The mean SLPI concentration in group B (4.425 μg/mL) [terminal periodontal disease] was significantly reduced when compared to the control group [5.325 μg/mL], with a P value of .008. Studies have reported that cathepsins and bacterial cysteine proteases are involved in the degradation of SLPI, and a proportion of SLPI would also get consumed in the resulting complex with elastase. [18],[11] So it appears that SLPI levels are decreased in the late stages of periodontitis.

The mean SLPI concentration in group A [established periodontal disease] was increased when compared to group B [terminal periodontal disease], with a P value of .1080, which was statistically not significant. Various studies have demonstrated the importance of SLPI in regulating the activity of serine proteases that are released during inflammation. Recently it has been shown that these inhibitors also play a role in tissue repair and extracellular matrix synthesis. [19] The findings, along with the reports of increased elastase activity during periodontitis, [20] indicate that our body responds to the situation by secreting more and more SLPI into the local environment during the active stages of periodontal disease.

From the results obtained in the present study, it appears that SLPI plays a role in gingivitis and periodontitis, at least in the early stages of these conditionsit appears that slpi0 plays a role in gingivitis and periodontitis, atleast in the early stages of these conditions, where active destruction of tissue is taking place. Because of its suggested antiproteolytic, antimicrobial and anti-inflammatory profiles, SLPI probably plays a protective role by maintaining a balance between proteases and antiproteases.

We have also found that SLPI levels are reduced considerably in the terminal stages of periodontitis. It will be interesting to see if analysis of SLPI levels can aid in screening of patients with terminal periodontal disease.

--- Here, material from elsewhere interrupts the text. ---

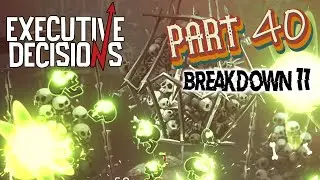 Skullsplosion Disaster | Breakdown 11 New Thanager Behavior | Have a Nice Death | Part 40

Finally, as host modulation as a treatment strategy in the treatment of periodontal disease is gaining importance in recent times, it appears that SLPI could possibly have a therapeutic role as it facilitates necessitates the up-regulation, inducement or enhancement of repair and wound healing in conditions such as periodontitis.

 Conclusion



From the results of our study, it is evident that in the initial stages of periodontitis there is a tendency of SLPI levels to be raised. It appears that SLPI accumulates in the local environment, probably to inhibit the action of increased elastic activity. It could also be due to other protective functions performed by the SLPI, like antimicrobial, anti-inflammatory, tissue repair and wound healing, during periodontal disease progression.

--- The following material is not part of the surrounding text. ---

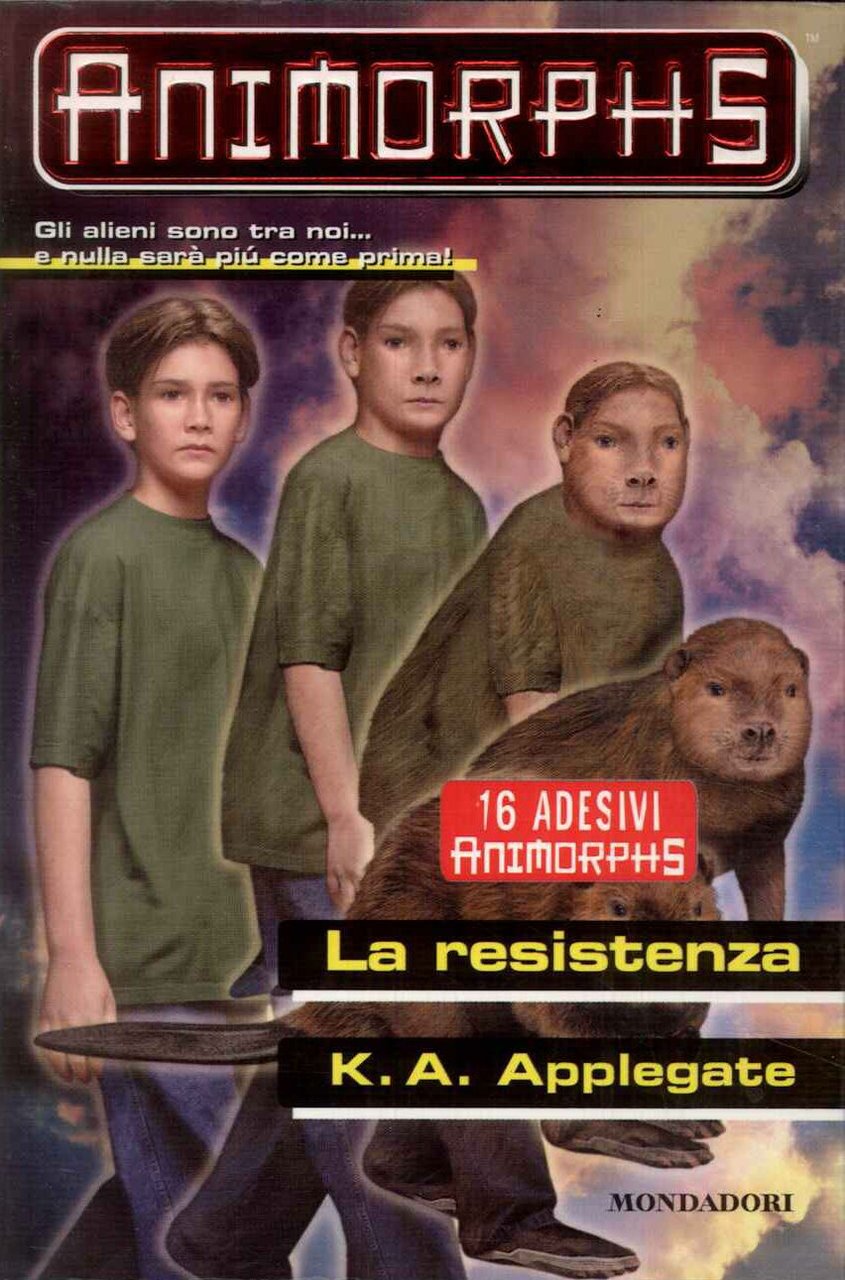 Animorphs - La resistenza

SLPI levels were found to be reduced in the terminal stages of periodontitis. This could be due to the degradation of SLPI by cathepsin L and bacterial cysteine protease and formation of complex with elastase.

Recommendations

Further studies are necessary to further substantiate the findings of the present study. Studies to investigate the role played by elastase, SLPI and cathepsins in both saliva and gingival cervicular fluid of periodontitis subjects are required. Large multi-center trials are needed to evaluate the role of SLPI as a host-modulating agent in the treatment of periodontitis.